Hosting DuckLake on Leafcloud
Setting Up the Object Store
-
Navigate to the Leafcloud dashboard at https://create.leaf.cloud/.
-
Go to Object Store | Containers and create a new container. We’ll use the name
ducklake-storage. -
Tick the checkbox for Public Access and copy the link. This will be e.g. the following:
https://leafcloud.store/swift/v1/AUTH_f84982a3c5d04bd0846197d8e8ce3ddd/ducklake-storage
Setting Up the OpenStackClient
-
Fetch the credentials from Leafcloud. Navigate to your username in the top right corner | Settings | Identity | Application Credentials, or simply visit https://create.leaf.cloud/identity/application_credentials/.
-
Select Create Application Credential and download the resulting
app-cred-<your_credential_name>-cred-openrc.shandclouds.yamlfiles. -
Source the credentials in your shell to configure the environment variables:
source app-cred-<your_credential_name>-cred-openrc.sh -
Install OpenStackClient in your favorite Python environment:
pip install python-openstackclient -
Create the credentials for the bucket:
openstack ec2 credentials create -
This will print something like this:
+------------+----------------------------------+ | Field | Value | +------------+----------------------------------+ | access | <32-character hexadecimal value> | | links | {'self': '...'} | | project_id | <32-character hexadecimal value> | | secret | <32-character hexadecimal value> | | trust_id | None | | user_id | <32-character hexadecimal value> | +------------+----------------------------------+ -
Save the printed credentials.
Setting Up Rclone
-
Install Rclone.
-
Initiate the setup with
rclone configand add a new remote.

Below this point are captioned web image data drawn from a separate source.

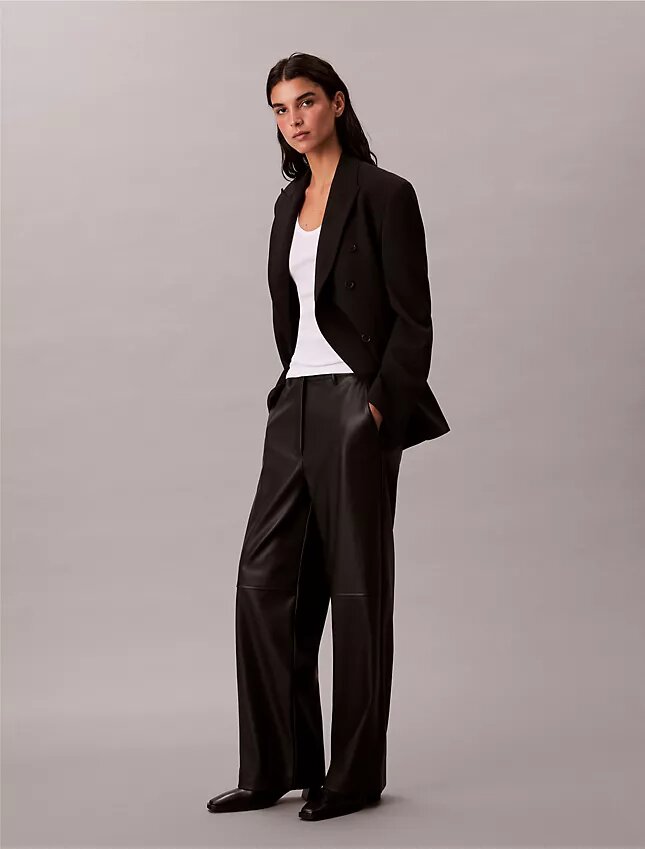 Pantaloni relaxați din imitație de piele Pantaloni relaxați din imitație de piele
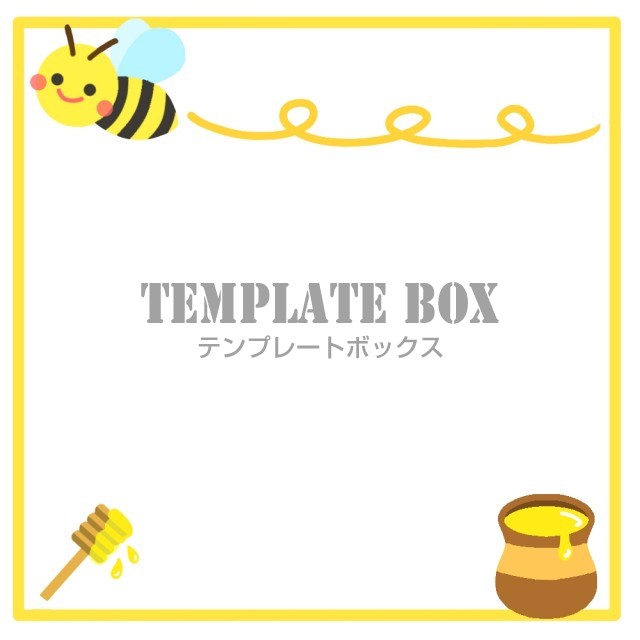 春らしいミツバチと蜂蜜フレーム ミツバチ はちみつ 3月 春 無料イラスト素材 Templatebox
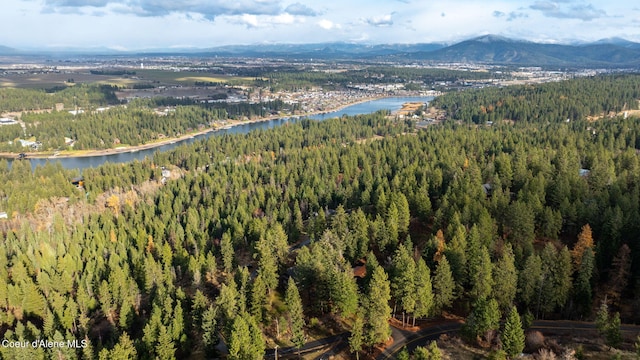 bird's eye view featuring a water and mountain view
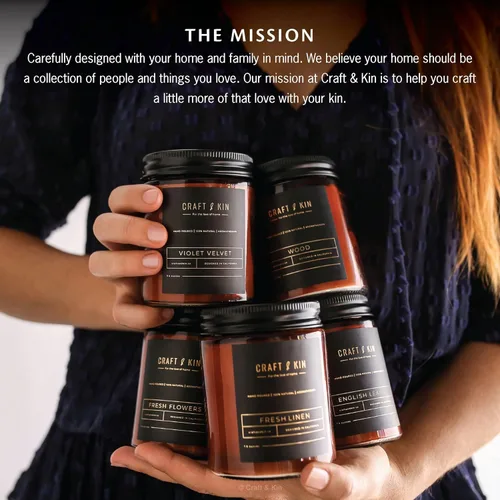 Miniatura 5 de Craft & Kin - Vela perfumada de cuero inglés de alta calidad, larga duración, 45 horas de tiempo de combustión, vela perfumada de soja natural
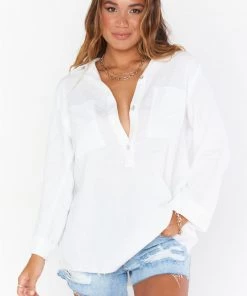 Show Me Your Mumu Stayton Tunic ~ White Linen New Mu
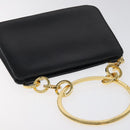 Salvatore Ferragamo Hand Bag Leather Black Gold Auth 116237-6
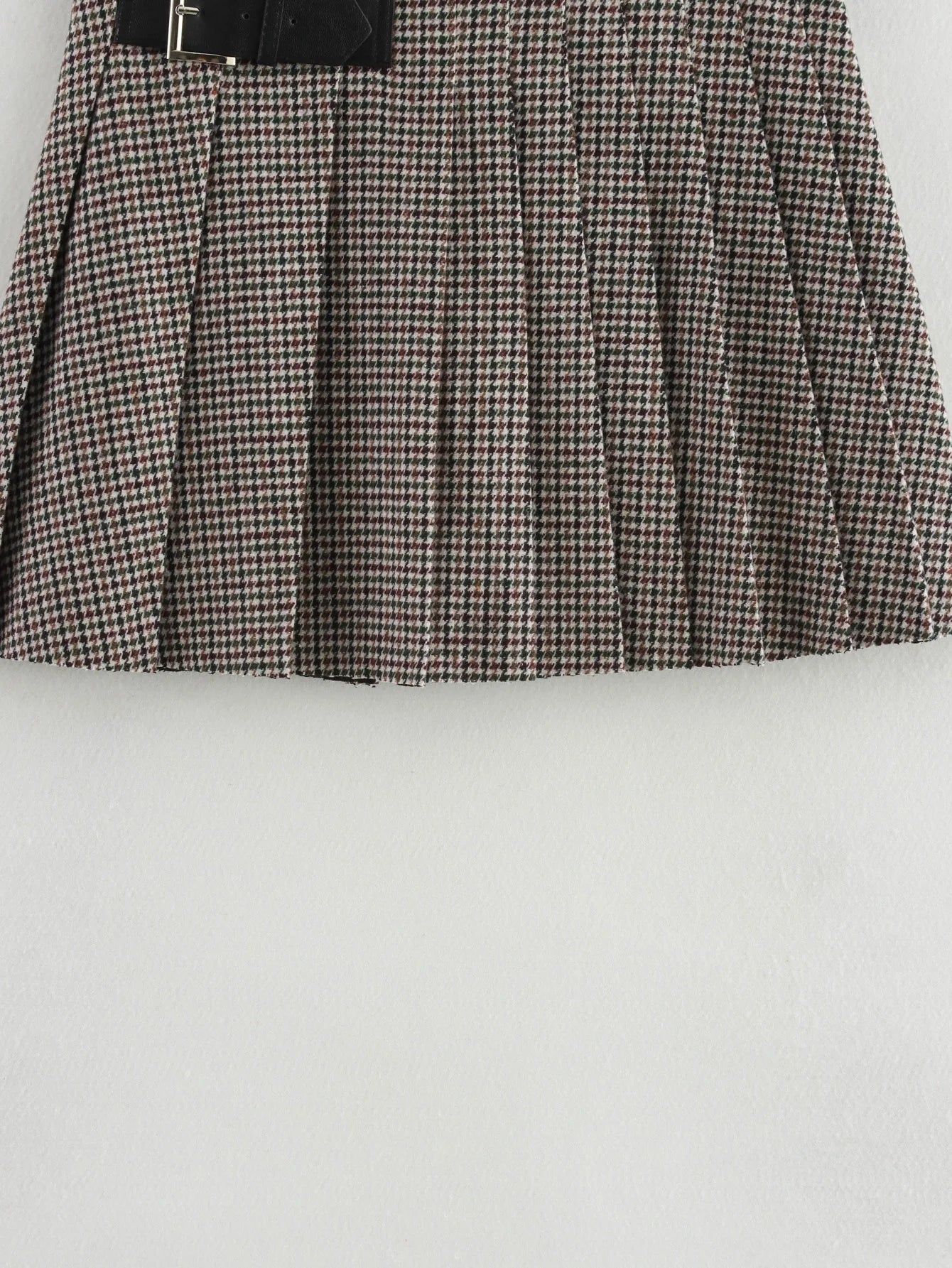 LIZAKOSHT  -  Chic Houndstooth Skirts for Women 2025 Spring Female Slim A-Line Mini Skirt Lady Elegant Short Pleated Skirt with Buckle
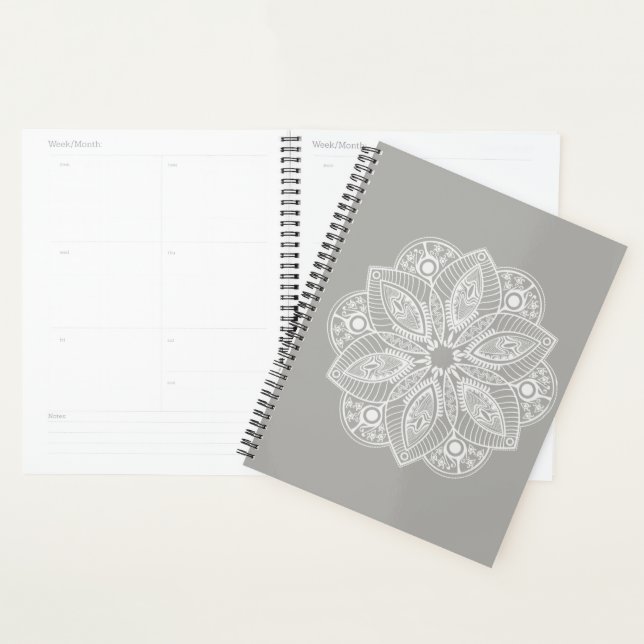 Mandala blanc exotique sur Arrière - plan gris (Devant avec enveloppe)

We’ll name itlc. -
Select Amazon S3 Compliant Storage Providers (
s3) | Any other S3 compatible provider (other). -
Set the
access_key_idto theaccessfield’s value from the table above. -
Set the
secret_access_keyto thesecretfield’s value. -
Edit the
~/.config/rclone/rclone.confmanually and set the endpoint tohttps://leafcloud.store. -
The entry in
rclone.confwill look like this:[lc] type = s3 provider = Other access_key_id = <32-character hexadecimal value> secret_access_key = <32-character hexadecimal value> endpoint = https://leafcloud.store
Creating a DuckLake
-
Create a directory called
ducklake-storageand navigate to this directory. -
Create a DuckLake following the “Using a Remote Data Path” DuckLake guide.
-
When specifying the
DATA_PATH, use the previously obtained pathhttps://leafcloud.store/.../ducklake-storage. -
Synchronize the DuckLake to the object storage as follows:
rclone sync ducklake-storage lc:ducklake-storage
Testing
-
Connect to the DuckLake as follows:
duckdb ducklake:https://leafcloud.store/swift/v1/AUTH_f84982a3c5d04bd0846197d8e8ce3ddd/ducklake-storage/sf1.ducklake -
List the tables with
.tables. This will list a mix of data tables and metadata tables:D .tables Comment ducklake_column_tag Comment_hasTag_Tag ducklake_data_file -
Run any SQL query you like:
select firstName from person limit 1;┌───────────┐ │ firstName │ │ varchar │ ├───────────┤ │ Jun │ └───────────┘
Future Work
Leafcloud’s website states that a managed database service is coming soon. This could be used to set up DuckLake with Postgres for multi-writer DuckDB.